[Start of section]

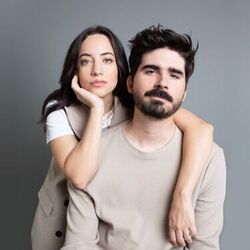 En Lo Alto Gloria Chords by Majo Y Dan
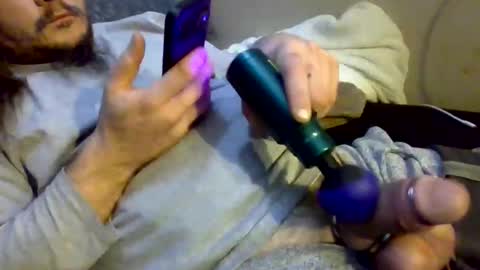 thunder8u42 online show from October 8, 2025, 12:08 am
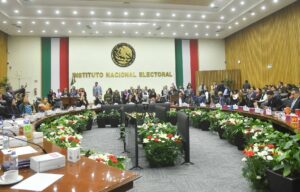 En la sesión del INE de esta mañana se abrió el camino para que los aspirantes a diputados federales, incluyendo a los de Baja California, comiencen sus campañas. Foto: Cuartoscuro
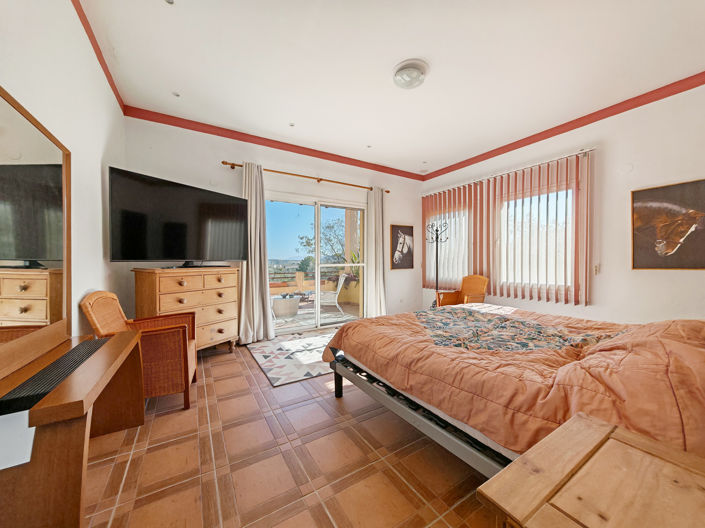 Image No.22-12 Bed Finca for sale
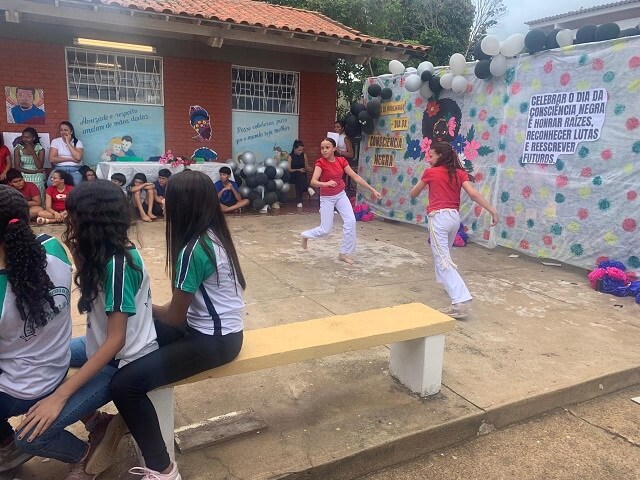 Atividades da Consciência Negra brilham na Escola Monsenhor Silveira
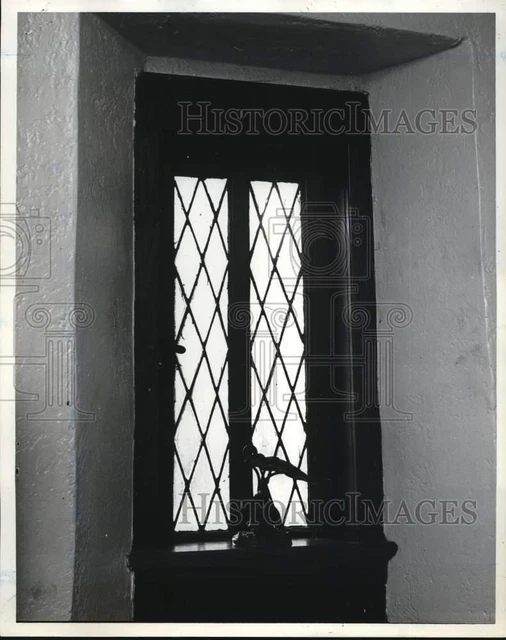 Press Photo Stained Glass Window Over Front Door at Madsen's "Honeymoon House"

[End of section]

== EXERCISE ==
All of the records above should be reproduced exactly, with the pictures left out.

== SOLUTION FOR THIS EXERCISE ==
 En Lo Alto Gloria Chords by Majo Y Dan
 thunder8u42 online show from October 8, 2025, 12:08 am
 En la sesión del INE de esta mañana se abrió el camino para que los aspirantes a diputados federales, incluyendo a los de Baja California, comiencen sus campañas. Foto: Cuartoscuro
 Image No.22-12 Bed Finca for sale
 Atividades da Consciência Negra brilham na Escola Monsenhor Silveira
 Press Photo Stained Glass Window Over Front Door at Madsen's "Honeymoon House"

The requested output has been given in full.